If your religion is the only reason you’re still together, your relationship is already long dead. Drop the self-torturing beliefs and choose happiness.
Living together physically but not honestly together isn’t going to fool any god anyway, nor is it likely to fool anyone else around you.
Also, I’ve noticed that I’ve used this (unconsciously) as an excuse for why I should stick an unhealthy relationship out.
2) Are you able to get your needs met in the relationship without too much difficulty?
If it takes too much effort to get your needs met, then your relationship is doing you more harm than good. You’ll know the difference between working to get your needs met and working to take care of your partner.
3) Do you genuinely like your partner, and does your partner seem to genuinely like you?
I’ve ‘stuck it out for the kids’, even when I didn’t have kids! We just didn’t belong together and neither one was grown up enough to admit it.
4) Do you feel a unique sexual attraction to your partner?
If there’s no spark, there’s no point in staying. It’s easy to get complacent in relationships and let yourself go, I know I have.
5) Does your partner exhibit any behavior that makes the relationship too difficult for you to stay in, and do you find your partner is either unwilling or incapable of changing?
Smoking is a deal breaker for me. Period. I might be an asshole, but I respect a woman when she takes care of her body.
Tolerating something intolerable will only hurt your self-esteem because you’ll see yourself as stronger in the past than today.
6) Do you and your partner each respect each other as individuals?

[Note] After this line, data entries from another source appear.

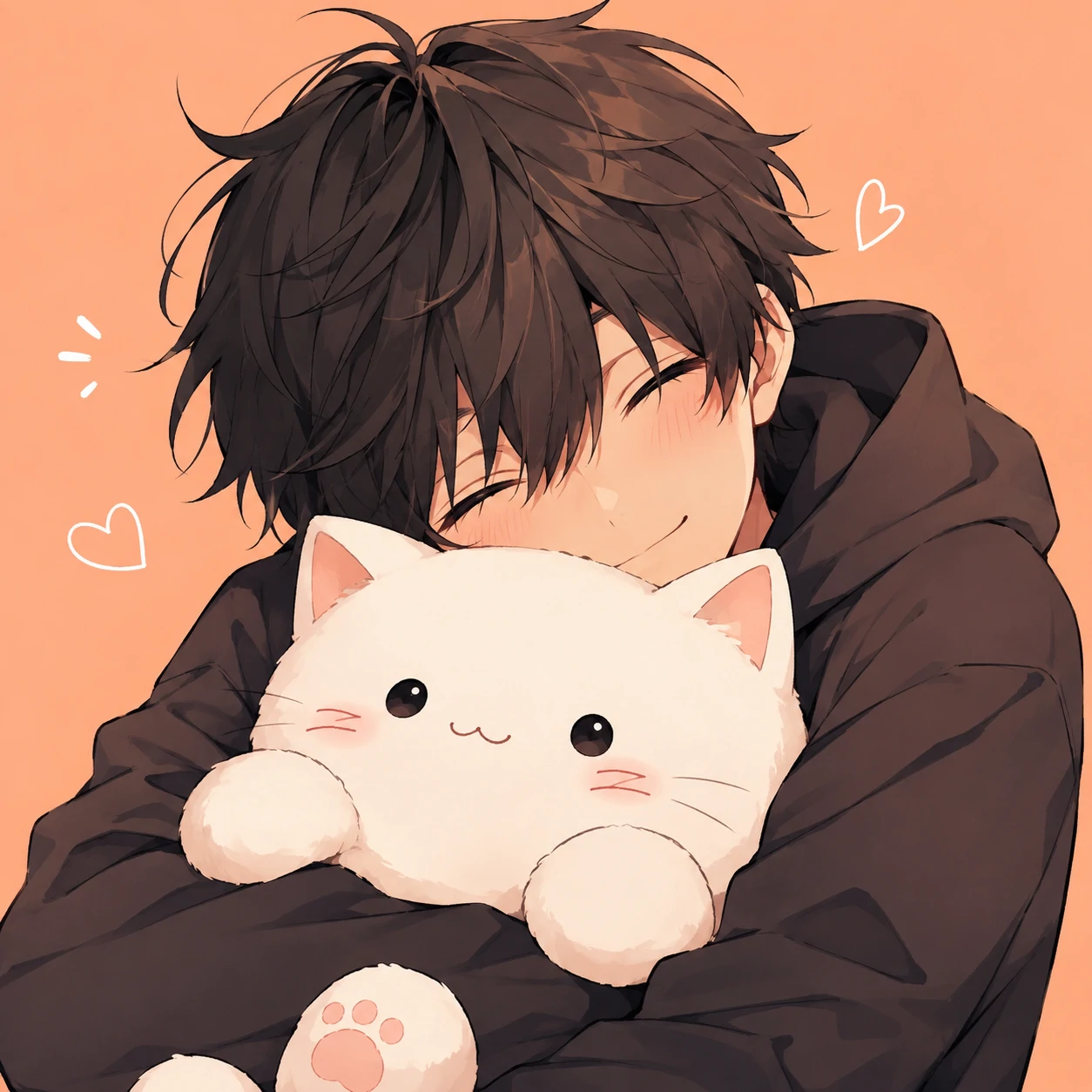 Cute pfp for boys of an anime boy hugging a white cat plush on a peach background
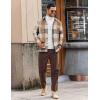 imageCOOFANDY Mens Flannel Shirts Casual Button Down Plaid Shirt Jacket Long Sleeve Fleece Shacket with PocketsBuffalo Khaki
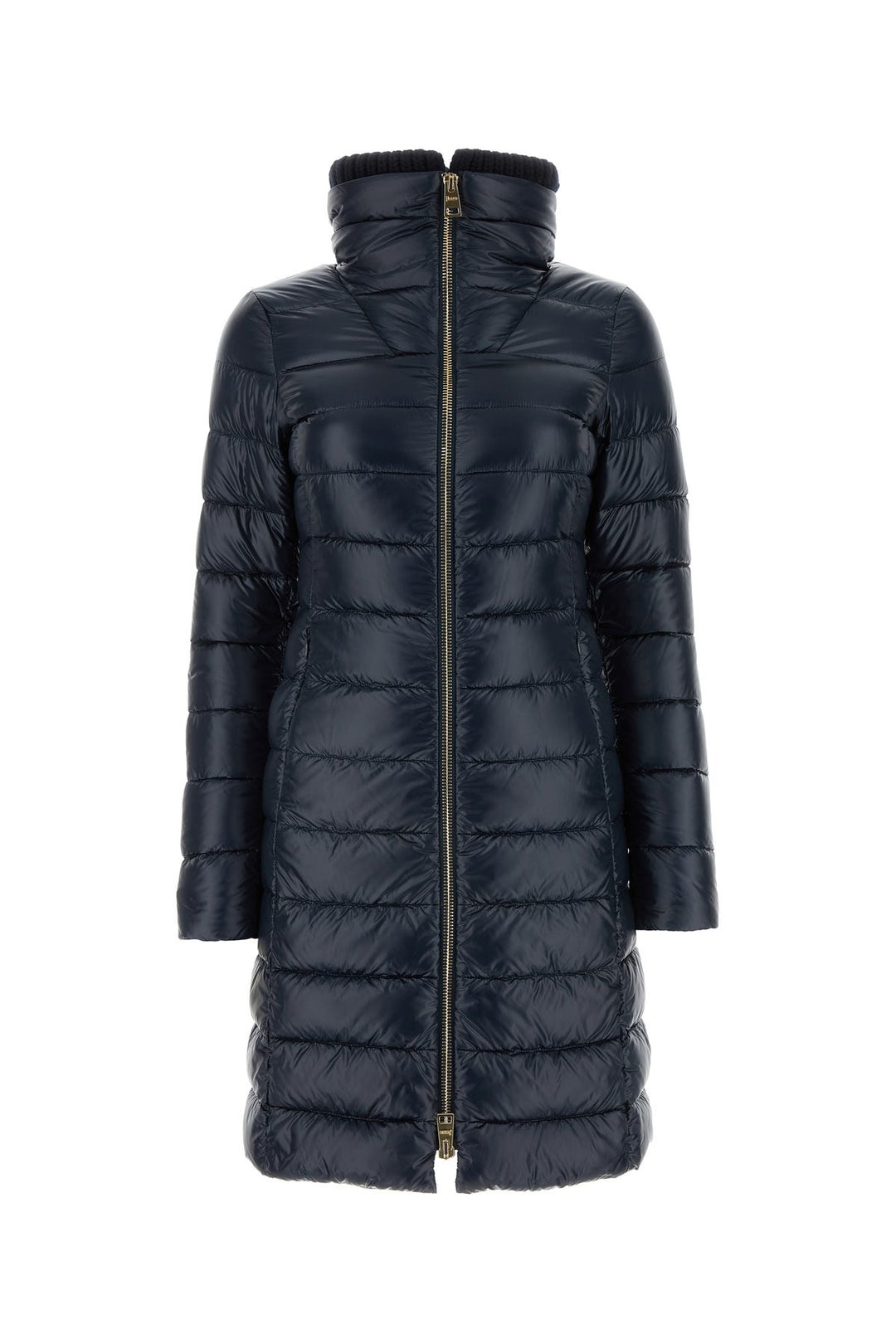 Dark blue nylon down jacket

In my experience, the relationship is over the first time you roll your eyes at them. The fact that you don’t take their opinions seriously say what you really think about their opinion.
7) Does your partner serve as an important resource for you in a way that you care about?
This sounds greedy at first glance, but if your partner does little to improve your life and you wouldn’t lose anything important to you by leaving, then leave.
You’ll break even by being on your own and gain hugely by finding someone else who is a benefit to you.
8) Does your relationship have the demonstrated capacity for forgiveness?
If you can’t honestly forgive each other’s minor mistakes (not *everything* though), then resentment will slowly replace love.
9) Do you and your partner have fun together?
Underrated, but a relationship that’s no fun is dead. Leave.
10) Do you and your partner have similar goals and dreams for your future together?
If you aren’t planning to spend your future together, something’s terribly wrong.
Here’s the single biggest sign that a relationship is over:
You roll your eyes at them.
It sounds so innocent, but when you do that, you’re saying so much about how little you care about what they have to say.